Interfering lines of different cities

By Shveta Sarda

We are a gathering. It's evening now. Imagine, a man walks through this
gathering with an axe. It's evening, and a man walks through the
gathering with a wheel barrow. And then, again, in this evening, a man
walks past with a spade.

All three have different searches.
All three will find different things in this same location.
All three will have different ways in which they search.
All three will be perceived differently.
All three will find themselves in a different set of relationships.
All three will find their image amongst those who behold them is different.

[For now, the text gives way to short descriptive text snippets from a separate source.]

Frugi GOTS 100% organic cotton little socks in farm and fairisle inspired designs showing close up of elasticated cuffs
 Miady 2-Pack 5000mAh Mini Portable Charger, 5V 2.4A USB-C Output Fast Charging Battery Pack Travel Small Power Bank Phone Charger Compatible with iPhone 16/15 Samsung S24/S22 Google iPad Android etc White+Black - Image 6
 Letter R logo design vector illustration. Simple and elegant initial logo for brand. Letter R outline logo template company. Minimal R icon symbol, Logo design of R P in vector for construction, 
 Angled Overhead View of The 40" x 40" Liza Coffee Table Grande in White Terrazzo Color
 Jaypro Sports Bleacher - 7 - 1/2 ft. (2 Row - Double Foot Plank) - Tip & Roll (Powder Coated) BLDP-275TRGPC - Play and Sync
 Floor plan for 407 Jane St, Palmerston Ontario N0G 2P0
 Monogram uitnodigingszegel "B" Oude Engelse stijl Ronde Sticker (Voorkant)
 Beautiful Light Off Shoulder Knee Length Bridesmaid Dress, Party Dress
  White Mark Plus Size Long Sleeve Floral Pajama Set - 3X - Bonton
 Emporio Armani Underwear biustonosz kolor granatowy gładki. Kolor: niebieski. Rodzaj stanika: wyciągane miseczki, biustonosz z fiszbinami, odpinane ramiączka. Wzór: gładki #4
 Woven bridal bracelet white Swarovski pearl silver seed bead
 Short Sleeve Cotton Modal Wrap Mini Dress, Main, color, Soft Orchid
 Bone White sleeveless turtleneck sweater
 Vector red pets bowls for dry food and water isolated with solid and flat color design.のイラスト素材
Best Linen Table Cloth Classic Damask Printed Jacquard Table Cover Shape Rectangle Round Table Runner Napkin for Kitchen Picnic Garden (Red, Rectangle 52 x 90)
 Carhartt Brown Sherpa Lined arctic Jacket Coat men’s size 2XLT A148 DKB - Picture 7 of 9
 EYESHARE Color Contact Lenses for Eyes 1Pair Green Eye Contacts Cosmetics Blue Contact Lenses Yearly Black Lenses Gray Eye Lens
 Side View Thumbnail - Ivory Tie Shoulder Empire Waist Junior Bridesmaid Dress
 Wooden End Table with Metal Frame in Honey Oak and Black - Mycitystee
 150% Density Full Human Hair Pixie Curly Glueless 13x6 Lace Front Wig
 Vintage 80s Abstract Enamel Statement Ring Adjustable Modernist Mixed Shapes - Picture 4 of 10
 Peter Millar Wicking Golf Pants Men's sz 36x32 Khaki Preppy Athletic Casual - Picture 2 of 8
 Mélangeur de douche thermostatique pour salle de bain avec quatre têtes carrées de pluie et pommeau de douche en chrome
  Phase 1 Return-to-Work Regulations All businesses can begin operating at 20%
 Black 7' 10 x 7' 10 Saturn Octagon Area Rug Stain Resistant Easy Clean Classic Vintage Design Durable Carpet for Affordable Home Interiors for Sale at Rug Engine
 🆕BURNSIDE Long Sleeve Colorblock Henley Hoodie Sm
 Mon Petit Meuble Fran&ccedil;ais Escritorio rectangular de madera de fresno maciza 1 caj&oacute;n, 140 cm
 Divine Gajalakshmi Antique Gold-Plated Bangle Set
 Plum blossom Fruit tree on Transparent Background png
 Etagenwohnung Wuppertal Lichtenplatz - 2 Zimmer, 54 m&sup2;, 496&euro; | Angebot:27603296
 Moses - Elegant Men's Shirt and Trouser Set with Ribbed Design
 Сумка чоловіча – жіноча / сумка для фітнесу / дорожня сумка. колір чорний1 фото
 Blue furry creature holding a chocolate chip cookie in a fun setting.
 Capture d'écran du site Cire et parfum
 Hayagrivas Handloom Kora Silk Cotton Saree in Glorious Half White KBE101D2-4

One will chop, one will gather, one will dig. Seeing the three
implements pass, we who watch them will have a different image of what
our tomorrow will bring. The sounds that accompany these images will
give different senses about the approach of tomorrow.

All of us live in different cities. Cities in which we carry with us
different senses about the approach of tomorrow. The acceleration of
movements, technological ensmeshment and change of scale compel us to
continuously change the co-ordinates of our ways of thinking urban life.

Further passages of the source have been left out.